3.2.- Mérito do recurso

No presente recurso defende o apelante que: “deverá ser revogada a douta sentença a quo, objeto deste recurso, e em consequência, determinar a reabertura e prosseguimento do processo de regulação das responsabilidades parentais, a reabertura e o prosseguimento dos processos de promoção e proteção e de inquérito, de acordo com o ordenado pela Ata de 05.02.2025, E articular com o douto tribunal a quo congénere espanhol o imediato regresso da menor AA a Portugal, por se ter ficado provado que é no nosso pais que a menor tinha a sua residência habitual, à guarda e cuidados do Apelante.”


Para tanto alega que:


- a sentença recorrida é nula porque não faz qualquer menção à cópia dos registos informáticos da TRACTIVE GPS que assinalam e provam a residência habitual da AA em Portugal, nos termos do art.º 615º, nº 1, al. d) do Cód. Proc. Civil;


- a Ata de 05.02.2025, da diligência realizada nos autos que constituem o apenso A, obrigava à realização de vários actos processuais com vista à obtenção de informação social sobre a menor AA, designadamente sobre a sua residência habitual, que não foram realizados pelo tribunal a quo, o que constitui uma nulidade processual, nos termos do art.º 615º, nº 1, al. d) do Cód. Proc. Civil;


- há erro de julgamento;


- a decisão proferida pelo Tribunal espanhol é nula porque não foi nomeado ao apelante um defensor oficioso naquele processo, o que era obrigatório.

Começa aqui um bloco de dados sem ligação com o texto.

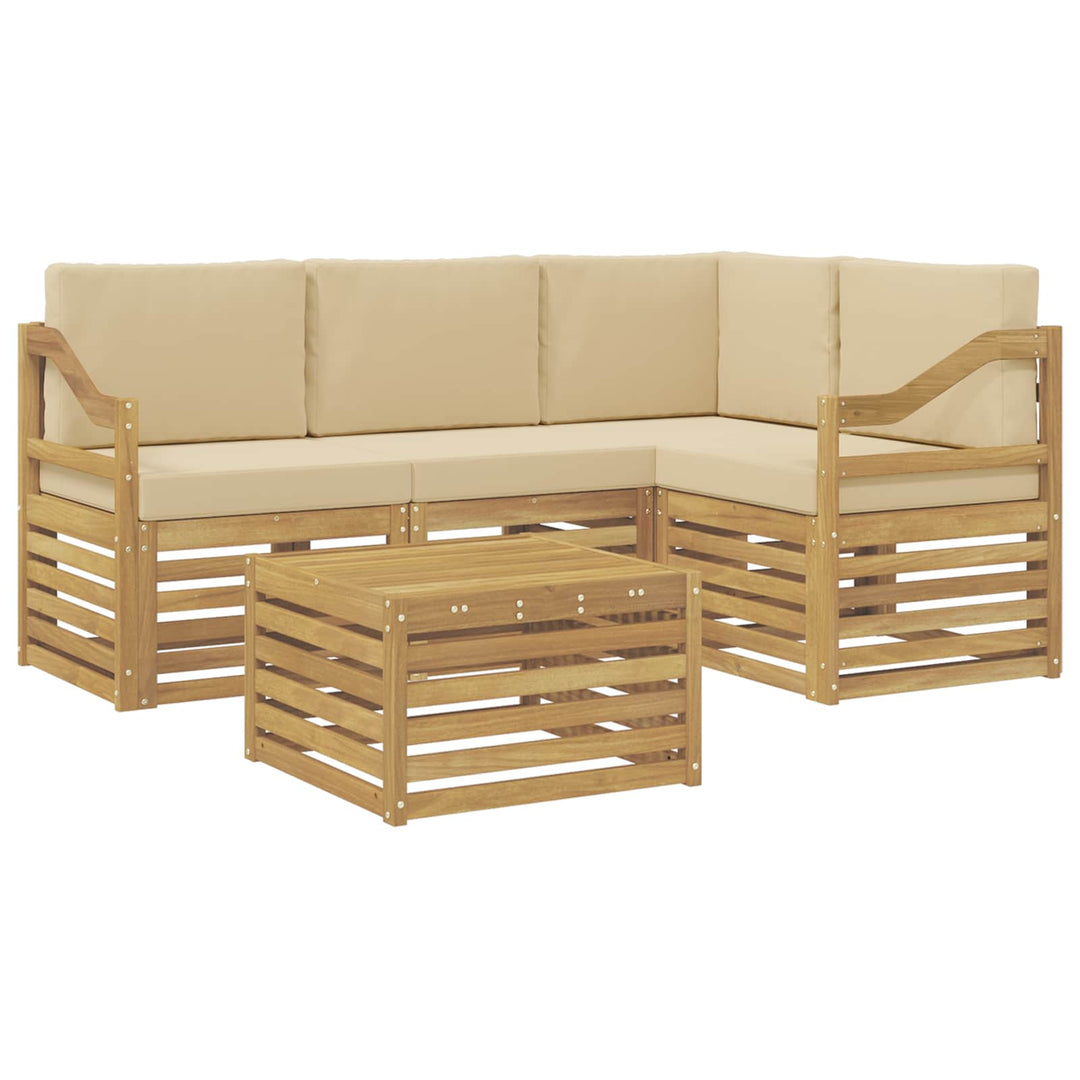 Udendørs sofagruppe 5 pcs Hvid og Beige 59 x 59 x 37 cm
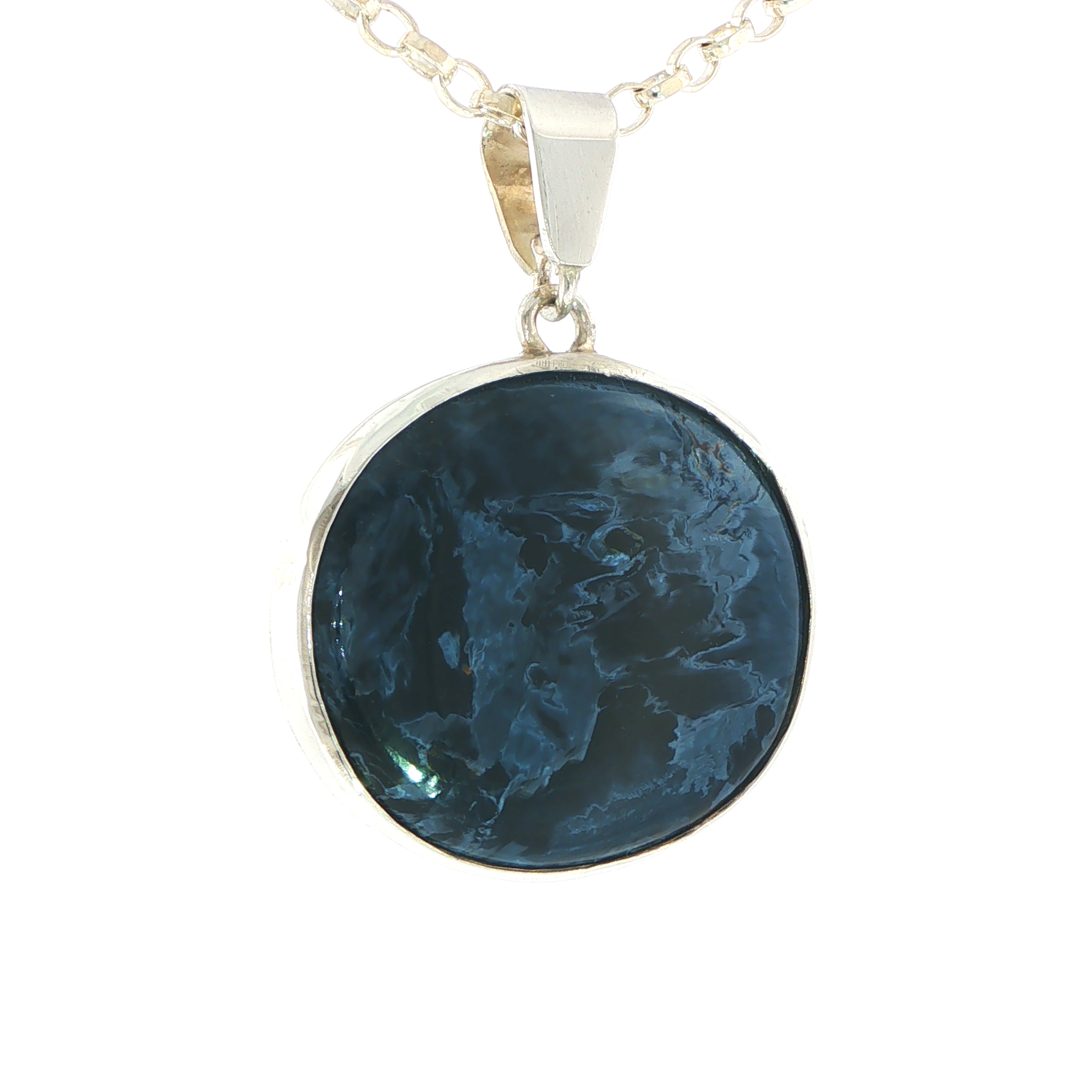 Pietersite Oval Patterned Blue Cabochon Pendant in Silver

1. Nulidade da decisão por omissão de pronúncia


Alega o recorrente que a decisão recorrida é nula, nos termos previstos no art.º 615º, nº 1, al. d) do Cód. Proc. Civil, porque na mesma não foi tido em conta o registo técnico-informático da aplicação TRACTIVE GPS, do qual o apelante entende que resulta que a sua filha AA residiu em Portugal, de modo permanente e contínuo, de Janeiro de 2024 até 21/10/2024, tendo estado à guarda e cuidados do pai.


Mais alega que a decisão recorrida também é nula, nos termos do citado preceito legal, porquanto não foram realizadas várias diligências probatórias, ordenadas na Ata de audiência de 5.02.2025, que teve lugar nos autos que constituem o Apenso A, designadamente a realização de relatórios sociais, a avaliação das dinâmicas familiares, entrevistas aos progenitores e aos agregados familiares, a análise técnica da situação de vida da menor AA, a leitura dos autos de ocorrência, a audição dos agentes da GNR do Posto de Local 1, que presenciaram os indícios constantes das queixas que o Apelante fez.


Alega ainda que o Tribunal a quo estava obrigado pelo art.º 13º, in fine, da Convenção de Haia a obter as informações sociais sobre a vida da menor AA, antes de proferir a douta decisão ora recorrida, e não o fez, o que constitui uma nulidade processual.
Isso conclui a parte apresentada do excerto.